Their joint hearing was adjourned on Dec. 5.

In 2016, Dr. Brown was charged with failing to comply with a direction to leave the Lapoinya logging site in northwest Tasmania.

At the time he said, “I didn’t go with the intention of being arrested, but when I saw the destruction, I had to take a stand.”

Previously, Dr. Brown spent 19 days in prison for his involvement in disrupting the planned Gordon-below-Franklin Dam project in 1982.

He actively campaigned in 1972 to save Lake Pedder in Tasmania, which was eventually drowned to allow for the construction of dams for the Gordon hydroelectric power scheme.

Former Greens Leader Bob Brown at the Sydney Opera House in Australia on June 14, 2019. (Brook Mitchell/Getty Images)
Former Greens Leader Bob Brown at the Sydney Opera House in Australia on June 14, 2019. (Brook Mitchell/Getty Images)

In 2005, the former MP brought a legal case against Forestry Tasmania in the Federal Court to protect Wielangta Forest by incorporating the area into a broader reserve that offered “full protection” to the home of several endangered species from clear-fell logging.

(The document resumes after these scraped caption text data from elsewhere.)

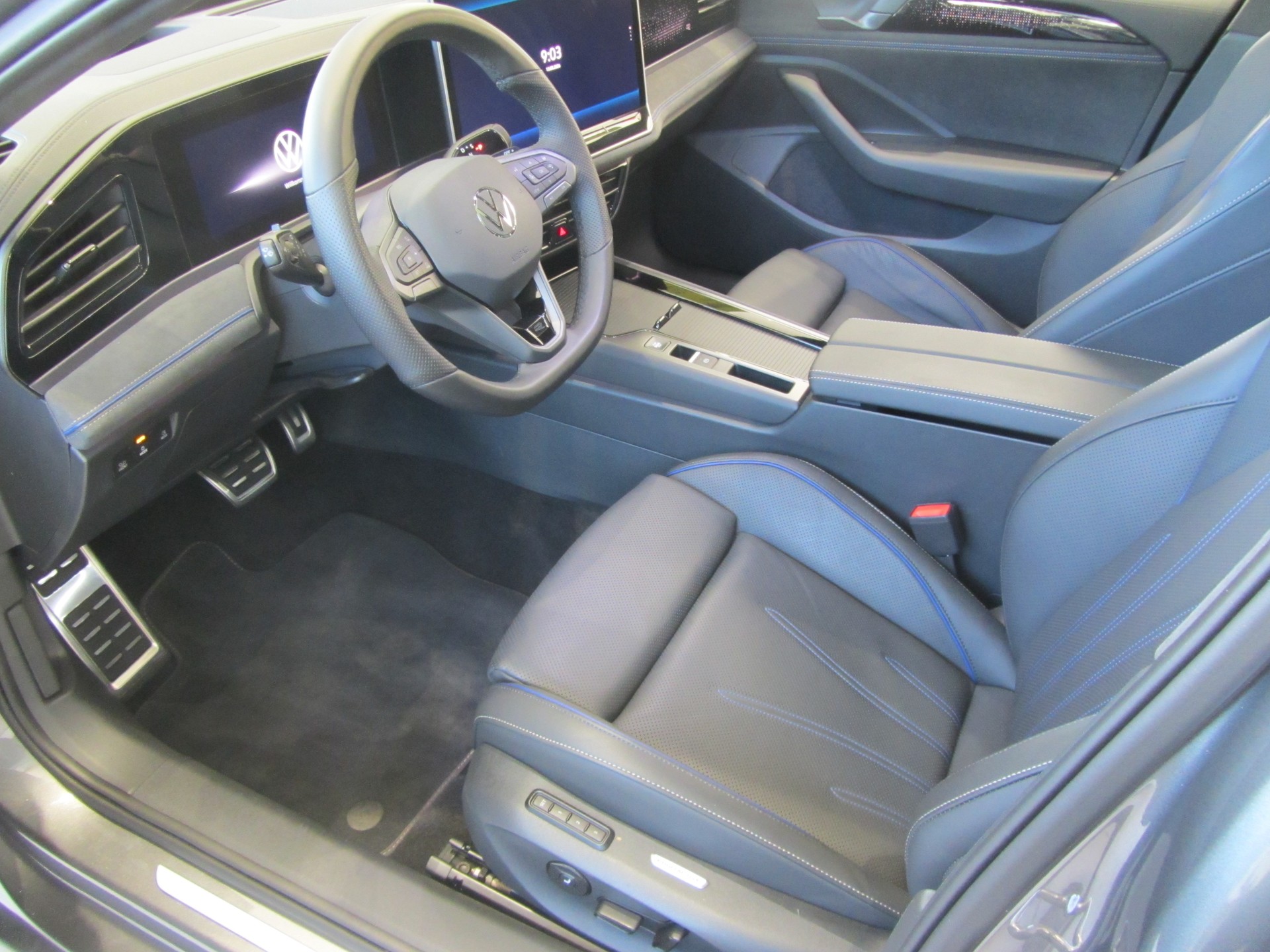 VW Passat Variant 2.0 TSI evo4 R-Line 4 Motion DSG-image-4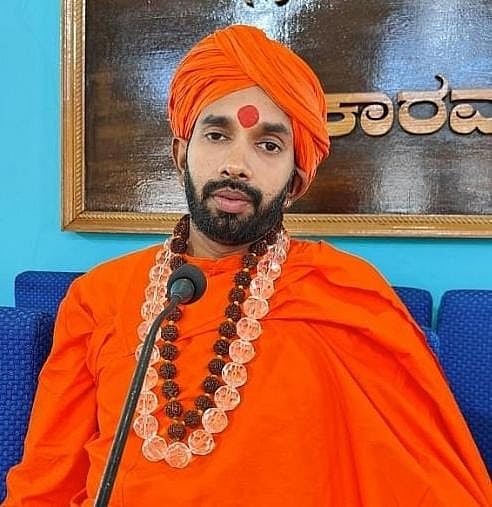 ಸಿದ್ದರಾಮಯ್ಯ ಸರ್ಕಾರದಿಂದ ಈಡಿಗರಿಗೆ ಅನ್ಯಾಯ: ಪ್ರಣವಾನಂದ ಸ್ವಾಮೀಜಿ ಆರೋಪ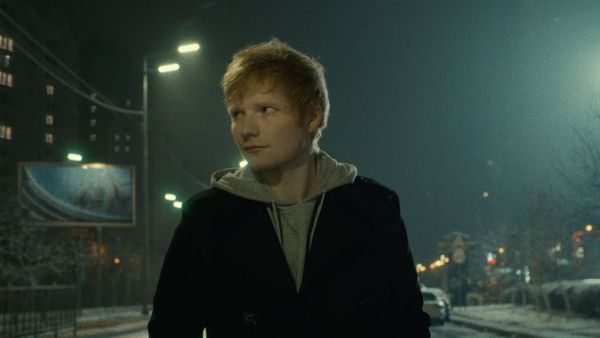 Ed Sheeran a lansat videoclipul piesei „2step”, în colaborare cu Lil Baby.  Videoclipul piesei este filmat în Ucraina înainte de război: „Ucraina este o țară mândră și puternică”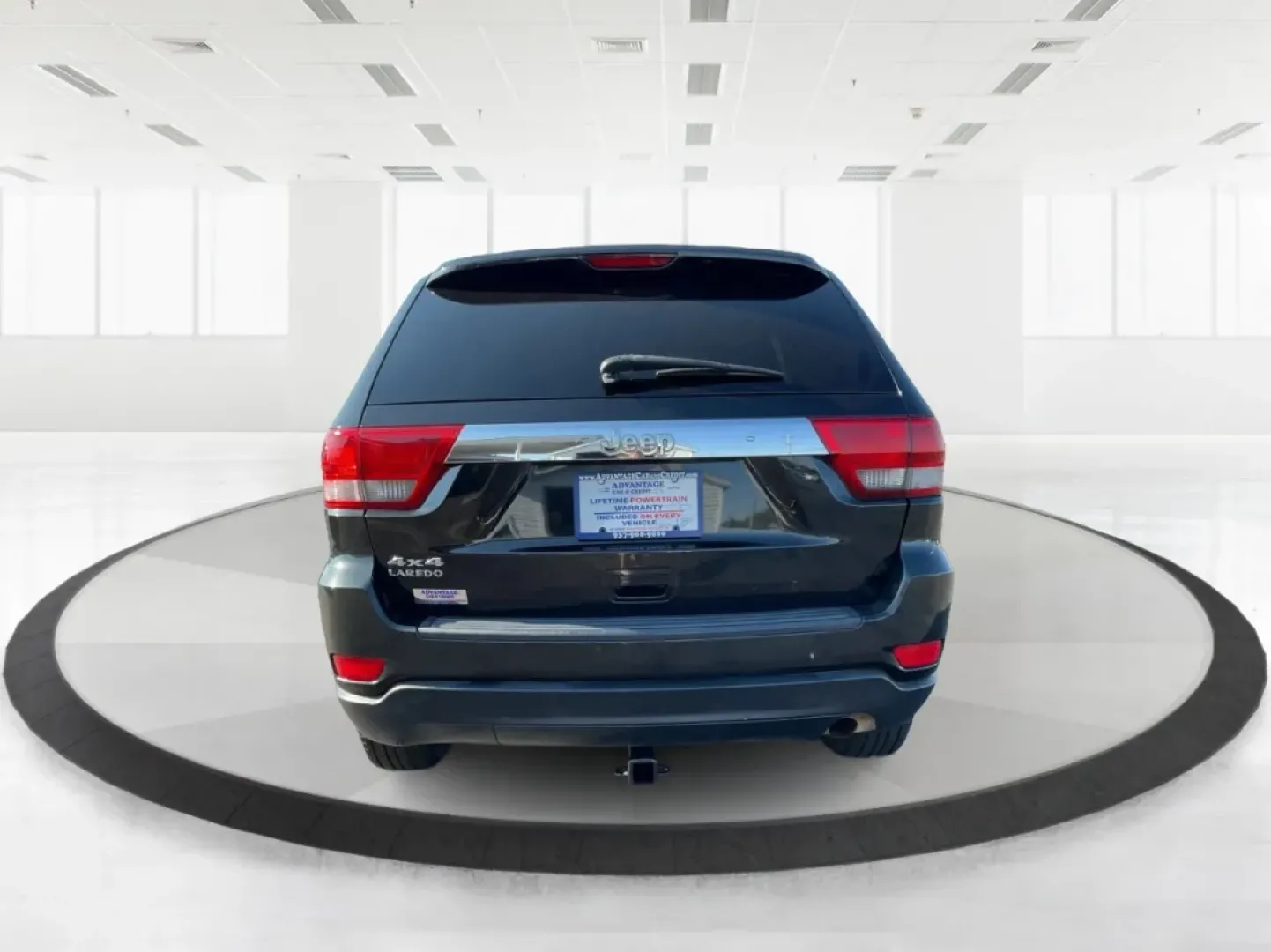 2011 Jeep Grand Cherokee Laredo (1J4RR4GG4BC) with an Other engine, located at 8750 N County Rd 25A, Piqua, OH, 45356, (937) 908-9800, 40.164391, -84.232513 - **Adventure Awaits with the 2011 Jeep Grand Cherokee Laredo at Advantage Car and Credit in Troy, OH!**<br /> <br /> Are you ready to elevate your family adventures or weekend getaways? The 2011 Jeep Grand Cherokee Laredo is the SUV that can take you there, whether it's off the beaten path or cruisin - Photo#3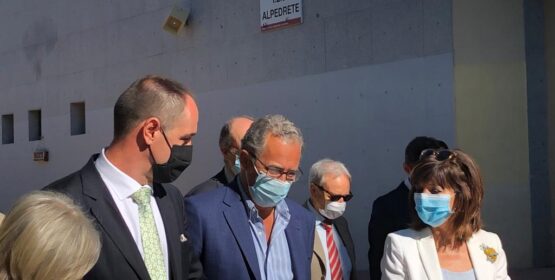 El Consejero de Educación y Juventud visita las obras de ampliación del IES Alpedrete Imagen de la noticia El Consejero de Educación y Juventud visita las obras de ampliación del IES Alpedrete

It was a landmark case in political communication law, essentially Australia’s freedom of speech, when applied to the Protestors Act.

His ecological activism was highlighted in a documentary called The Giants, released in 2023.

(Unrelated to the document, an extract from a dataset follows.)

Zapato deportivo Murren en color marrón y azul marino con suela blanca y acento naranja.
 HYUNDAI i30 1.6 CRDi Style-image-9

In speaking with media waiting outside the court, Dr. Brown said that he maintained the logging was illegal.

“Whatever the outcome on this legal question, I maintain that the logging where I was arrested, at Snow Hill, was illegal.”

“It was part of the destruction of habitat which is sending the swift parrot, as well as other Tasmanian native species, to extinction.”

The three accused will reappear in Hobart Magistrates Court on Dec. 6.